Thanks to an inability to say no, which afflicts me to this day, I performed in more than 30 shows as an undergraduate. There’s no doubt that the general standard was way lower than you’d get from a drama school, and I was probably pretty poor in some of them.
But by the end of my degree I knew much more about how to read an audience than I would if my main experience of live performance had been high-pressure showcases.
One actor friend of mine described her final year at drama school as “a year of press nights”, and, as all performers know, press nights aren’t exactly comparable to the rest of a run.
What untrained actors miss out on, of course, is the training itself – and that’s not quite as banal an observation as it sounds.
“As for actually being trained for the craft, it’s difficult to tell,” says Francolini. “I know I’ve spent years learning stuff. I don’t know if I would have had a shortcut to that if I’d trained.”
Meanwhile, how we define ‘training’ feels too narrow for Powell anyway: “What’s happening now is that the very idea of training is changing. Or to be more specific, being trained isn’t just confined to the conference of drama schools. The university courses, the Actors Centre, the part-time courses, Oxbridge, youth theatres, working in telly from a young age, learning on the job, National Youth Theatre: these are all forms of training. I trained at Middlesex University and the Oxford School of Drama and both parts of that training absolutely made me the casting director I am today.”
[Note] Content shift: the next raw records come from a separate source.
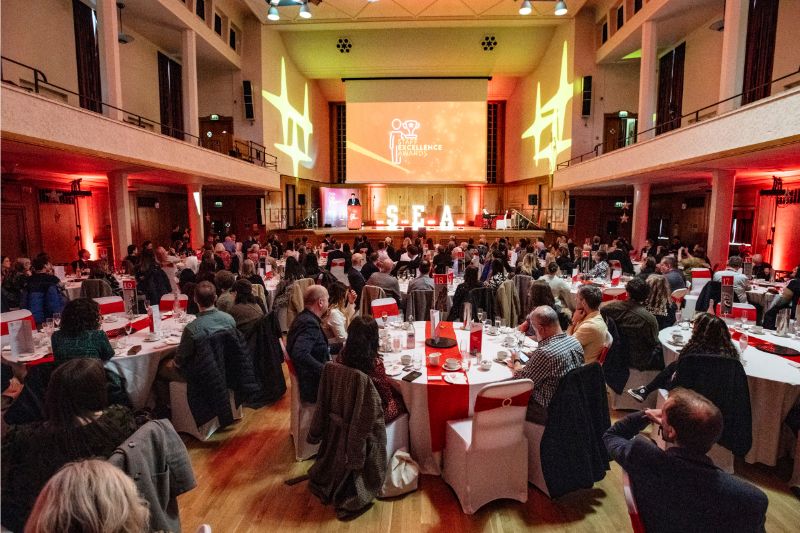 Wide view of the Staff Excellence Awards ceremony in a large hall, with guests seated at round tables watching the stage where the “SEA” letters and event screen are illuminated.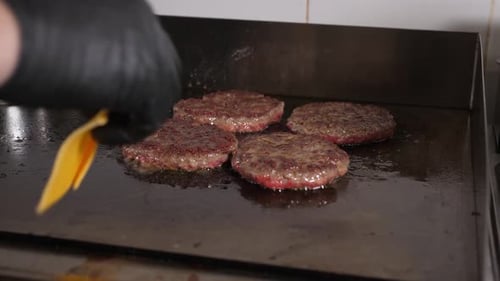 Burger Patties Cooking on Grill with Melting Cheese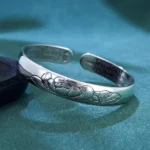 Heart Sutra Lotus copper open adjustable bracelet bangle with embossed lotus and leaf patterns, inner engraved Buddhist scripture, left oblique top-down view on dark teal velvet backdrop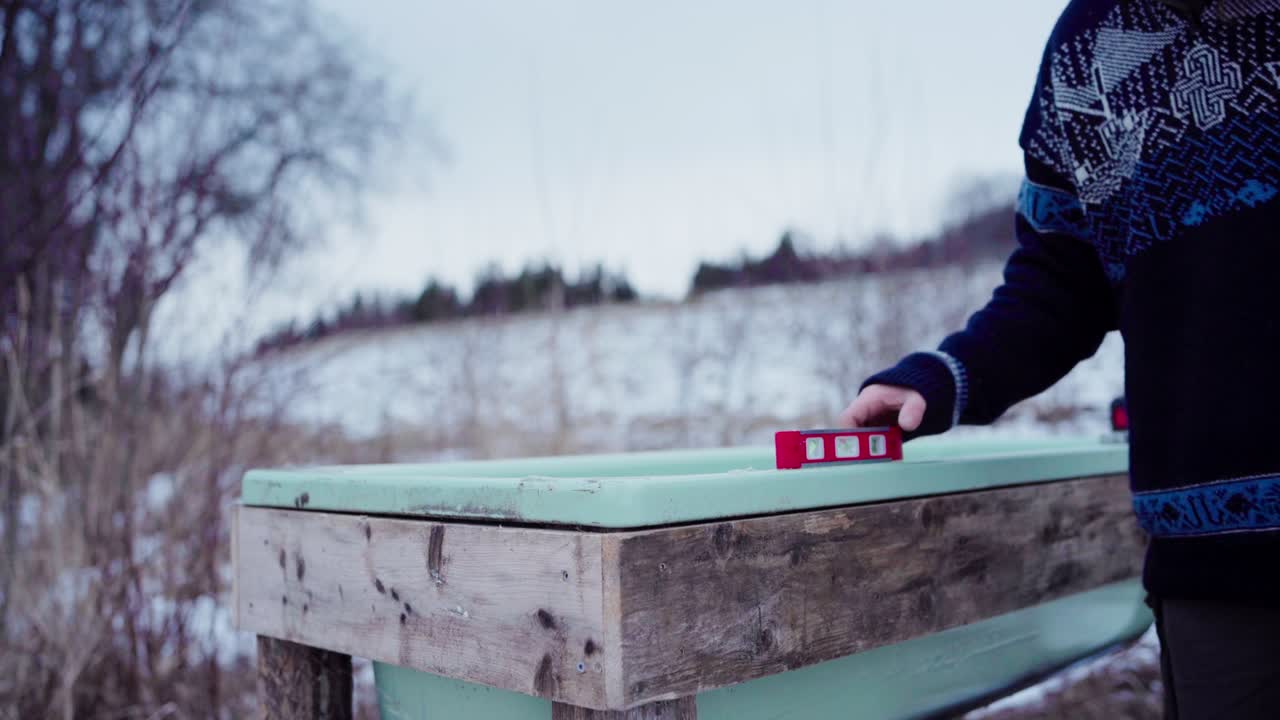 A Man is Using a Level to Ensure the Surface of the DIY Hot Tub is Even - Static Shot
When I find myself talking to young people who have failed to get into, or can’t afford to go to, drama school, I always reassure them that it’s not the only way into the profession. Probably the best, but not the only. Sometimes I even believe myself. But it’s certainly true that once you’re in the room, it’s your talent and character that’s under scrutiny far more often than your technique.
Or, as Powell puts it: “After all, you are unique. And that’s the bit that interests me.”